Nolan and Louise have a bizarre subplot this episode wherein they seem to be trying to be a real married couple. They bicker over trust and stuff, and Nolan even hints that he could be attracted to her. What the actual fuck? This is a sham wedding. Live it up, you two.
Oh, and to find out where April is, Hunter video records a meeting with Margaux where she shows him spy footage of April at work at a bar. Nolan does computer magic on this footage to single out a particular wine bottle, and then goes into the retard zone: he uses some hologram machine to make a holographic projection of the wine bottle for closer examination. There is absolutely no reason why this had to be included. Did they have some unused CGI budget they had to burn off?
But it’s not all bad:
The takedown of Mr Bad Man is as routine as possible, but Emily gets to have some fun by posing as April when he comes knocking. She and Hunter then decisively kick his arse, and local cops arrest him. And, in a rare moment of not being a shithead, April actually thanks them. Halleloo.

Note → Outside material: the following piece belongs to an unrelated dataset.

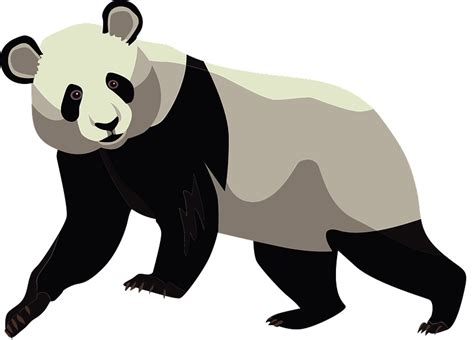 Giant Panda Clipart Free Download Transparent Png Creazilla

Victoria’s one-hit-kill of Natalie is also a delight. I caught onto Natalie’s game pretty quick when she happened to bump herself in the bathroom while getting ready for the Fourth of July party (she’s throwing it this year, btw). Then she made a glaring flub in her arrival interview where she blatantly spelled out that she was scared of David. And, of course, she takes him alone into a room later, tears her own dress, and starts fake yelling that he’s attacking her. Thank goodness the only person at the party who cared enough to eavesdrop on her was Victoria. Seriously, nobody else comes running. That’s what you get, Natalie.
Victoria makes sure to do what every character in this show should probably get in the habit of doing: recording the conversation. Natalie can’t come back from that.

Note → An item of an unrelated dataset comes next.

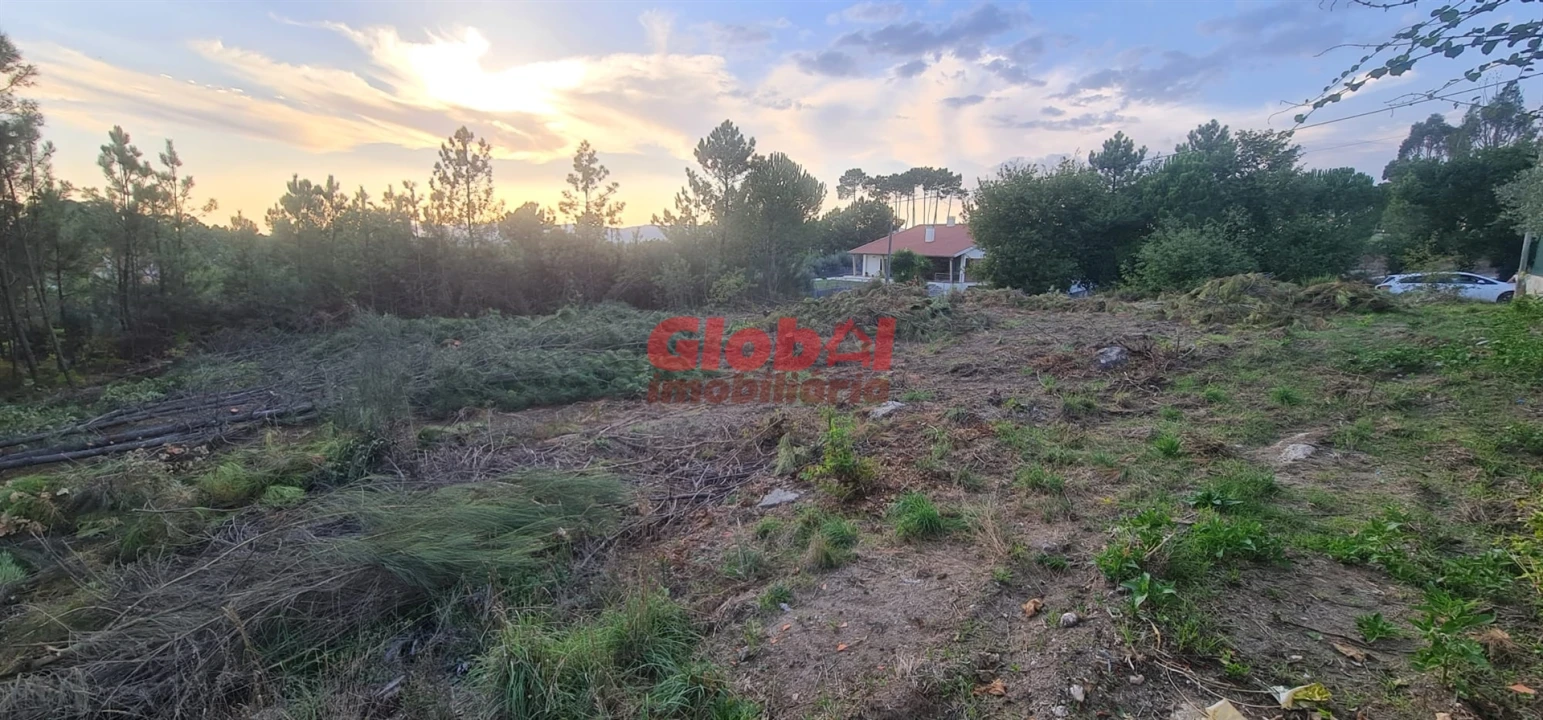 Terreno para Venda em Repeses e São Salvador Foto 1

Natalie’s motive was to pay tribute to Conrad’s character assassination of David by doing it again in the present. David had discovered Natalie was an old mistress of Conrad’s when he found her watch, which was nearly identical to a watch Conrad had given Lydia (Natalie isn’t a huge fan of Lydia, if you were wondering. Where is Lydia, anyway?). Conrad had told Natalie all his fortune would be hers. When that didn’t happen, she got her hooks into Edward. You can’t keep a good golddigger down.
Edward had wanted to leave his money to Victoria, but Natalie literally starved the man into signing the revised will. I appreciate the ruthlessness.
Margaux’s seemingly endless procession of defeats makes this episode shine. The poor girl just can’t get this revenge thing right, can she? The crowning moment is her little gloat fest near the end of the episode with her black ops guy: she’s smugly confident that Lyman will be turning up any minute with the dirt from Nolan’s computer. Oh, honey. He’s dead at the bottom of a cliff. You fail. Again.
Best line of the episode goes to Nolan, who accurately outlines what we all know about Louise:
Jack: “This is still a fake marriage, right?”
Nolan: “Ahh, it’s tricky.”
Jack: “Are you attracted to her?”
Nolan: “Jack, have you seen her?”
No sprawling mass of weave or weird, electric blue dress can dampen her sex appeal.
Second best line goes to Victoria, who appreciates David’s gratitude for taking out Natalie: “Well, I guess there’s a silver lining to not killing me after all.” Don’t push it, Viccy.
Victoria says she’ll use the inheritance money to fund the Daniel Grayson Foundation. See, Margaux? Even she knows better than to aimlessly pursue Emily these days.
Nolan gets Jack a job bar tending at the yacht club. Team FagStag is still strong.
Jack has a cute nanny who I suspect might be forming as his new love interest. Well, if Emily’s gonna turn it down, someone’s gonna snag that D, baby.
Lyman’s death is some quality slapstick.
Oh, and I wasn’t kidding about the hologram projector. It’s so dumb it almost transcends the realm of hate into the realm of pure wonderment at how it got included.